RE: Using OPTIMIZER_CAPTURE_SQL_PLAN_BASELINES=TRUE in Production

From: Tefft, Michael J <Michael.J.Tefft_at_snapon.com>
Date: Mon, 8 Oct 2012 10:32:42 -0500
Message-ID: <8C0087E93F6A9A459051869F5D574891F3A3E3_at_LISL-XBCK-C1-V2.snaponglobal.com>



With SQL Plan Baselines, I advise caution on setting optimizer_capture_sql_plan_baselines=TRUE. It works, but there can be subtle
consequences.

Here is what I wrote on this topic, in an IOUG article I wrote 2 years ago:

optimizer_capture_sql_plan_baselines

This parameter causes new plans generated by the optimizer to be added to the
baselines, either as accepted plans (for new SQL) or as non-accepted plans (for
new plans for existing SQL). The default setting for this parameter is FALSE. The decision to set this parameter to TRUE may have a more subtle impact. The
first plan captured for each SQL statement will be created as an accepted
baseline plan, while those that follow will be created as non-accepted. If the
non-accepted plans have no opportunity to be evaluated, then the plan selection
is not even "whatever seemed good at the time" (as it would have been without
baselines being used) but is limited to "whatever seemed good the first time".
This can be a particular problem when implementing new application functions
with new SQL and new, growing tables: plans that perform well the first day,
when new tables are practically empty, can rapidly lead to degraded performance.  

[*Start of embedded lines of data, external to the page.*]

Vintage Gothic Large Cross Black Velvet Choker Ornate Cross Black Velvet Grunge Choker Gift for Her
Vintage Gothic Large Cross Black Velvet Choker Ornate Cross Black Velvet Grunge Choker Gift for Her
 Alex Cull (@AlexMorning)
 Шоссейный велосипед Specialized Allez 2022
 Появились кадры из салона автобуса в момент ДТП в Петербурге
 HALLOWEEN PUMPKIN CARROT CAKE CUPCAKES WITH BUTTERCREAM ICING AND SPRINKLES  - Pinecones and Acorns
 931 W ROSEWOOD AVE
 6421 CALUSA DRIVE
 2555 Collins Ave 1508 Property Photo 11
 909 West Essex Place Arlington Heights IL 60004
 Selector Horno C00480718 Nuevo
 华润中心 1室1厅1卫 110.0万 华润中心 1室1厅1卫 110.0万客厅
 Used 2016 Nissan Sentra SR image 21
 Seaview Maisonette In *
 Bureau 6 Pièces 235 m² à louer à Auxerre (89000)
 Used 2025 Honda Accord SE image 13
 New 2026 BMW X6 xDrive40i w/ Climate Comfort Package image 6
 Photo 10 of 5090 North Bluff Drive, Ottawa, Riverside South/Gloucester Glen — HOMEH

If the decision is made to both use and capture baselines, then an EVOLVE
process should be in place. This will allow new plans to become accepted plans
if appropriate, and ensure that a satisfactory set of plans are available.

Since this parameter will cause creation of baseline plans, the advice of
application vendors should be sought and carefully considered.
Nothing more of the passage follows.